━━━━━ ENTRIES SUPPLIED
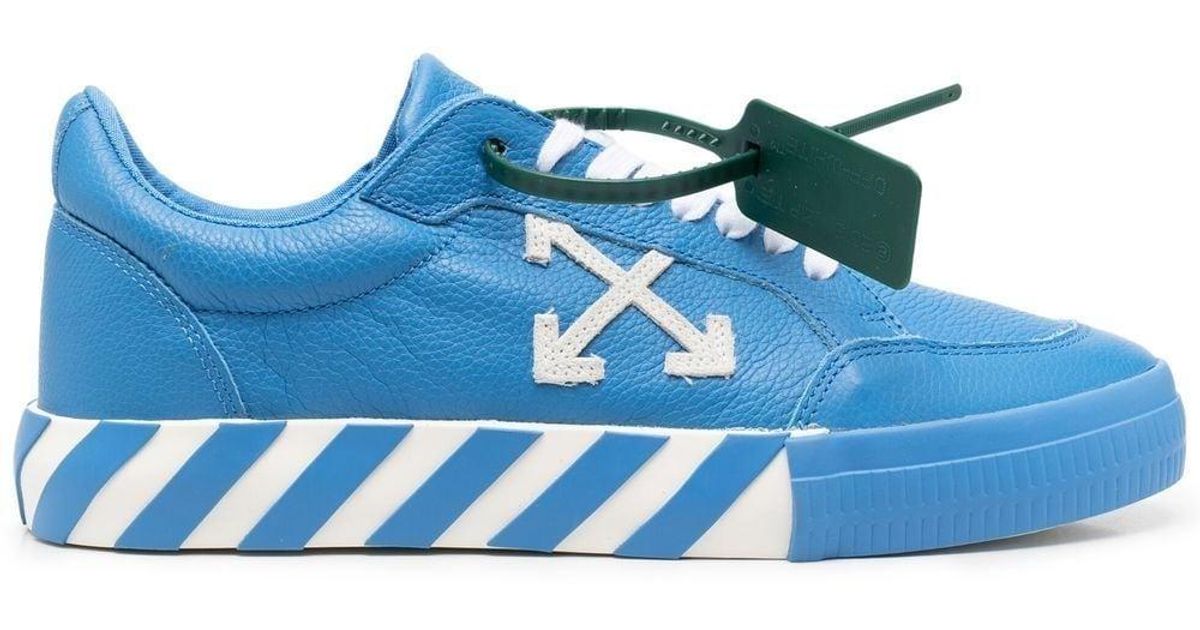 off white vulcanized light blue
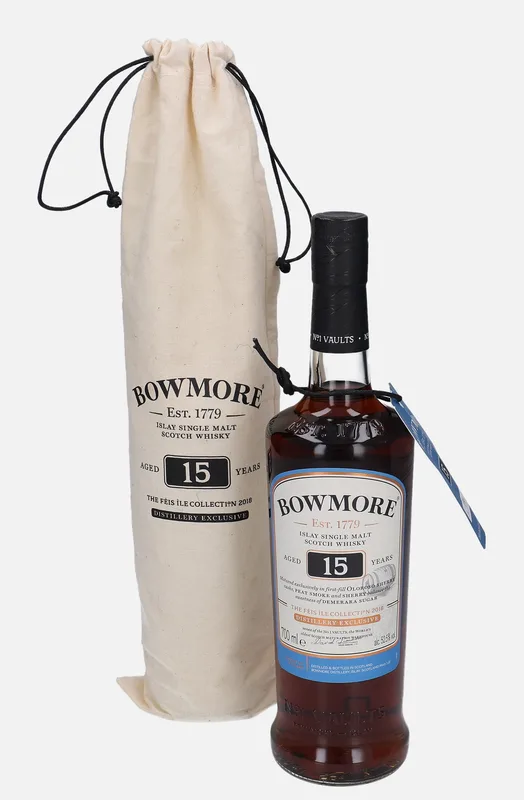 Bowmore – 15 Year Old (70cl, 52.5%)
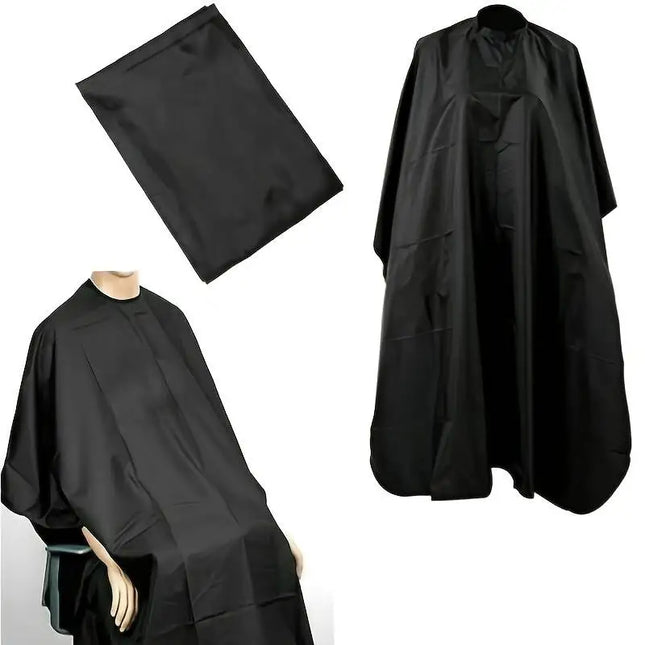 Hair Cutting Gown for Hairdressers and Barbers, Durable and Comfortable Salon Cape for Hair Styling and Cutting, Coloring C0025A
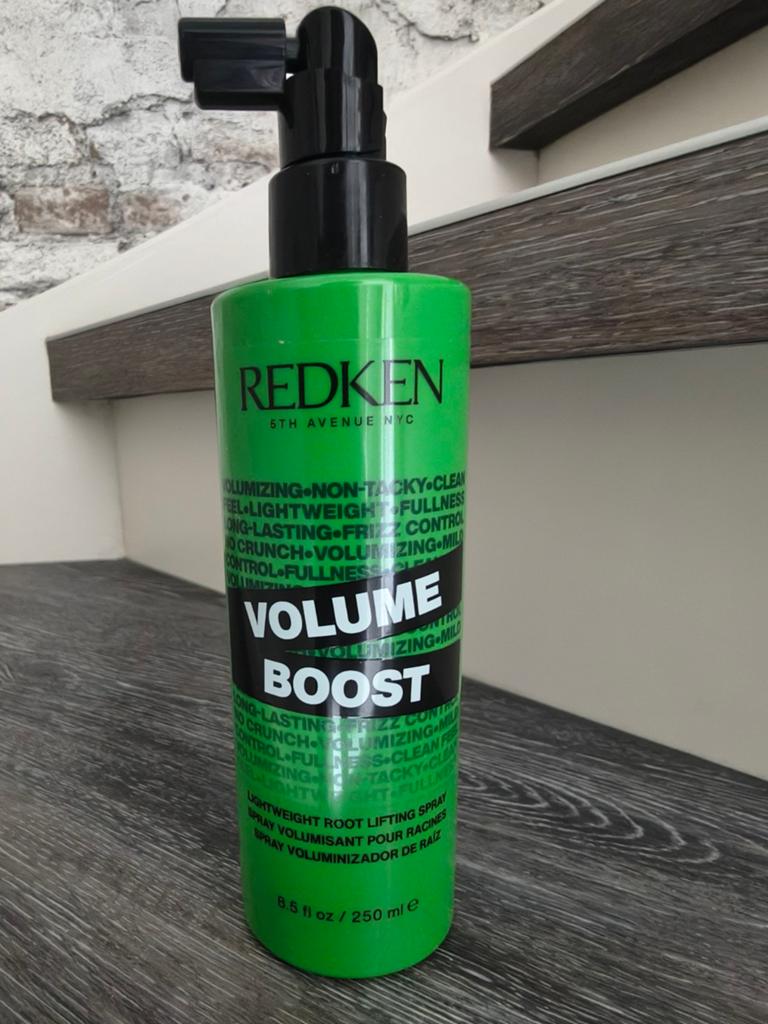Redken Volume Boost - Lichtgewicht Root Lifting Spray 250ml, Ophalen of Verzenden, Nieuw, Haarverzorger of -hersteller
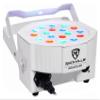 (8) FARENHEIT FHB-118 LED RGB DMX LED PAR Can Wash Lights+Controller+Cables+Bags view 4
━━━━━━━━━━
[PROBLEM TO WORK ON]: Output exactly the lines from the line with "Redken Volume Boost" to the last line of the records, including both, and leave every picture out.

[TASK RESPONSE]:
Redken Volume Boost - Lichtgewicht Root Lifting Spray 250ml, Ophalen of Verzenden, Nieuw, Haarverzorger of -hersteller
 (8) FARENHEIT FHB-118 LED RGB DMX LED PAR Can Wash Lights+Controller+Cables+Bags view 4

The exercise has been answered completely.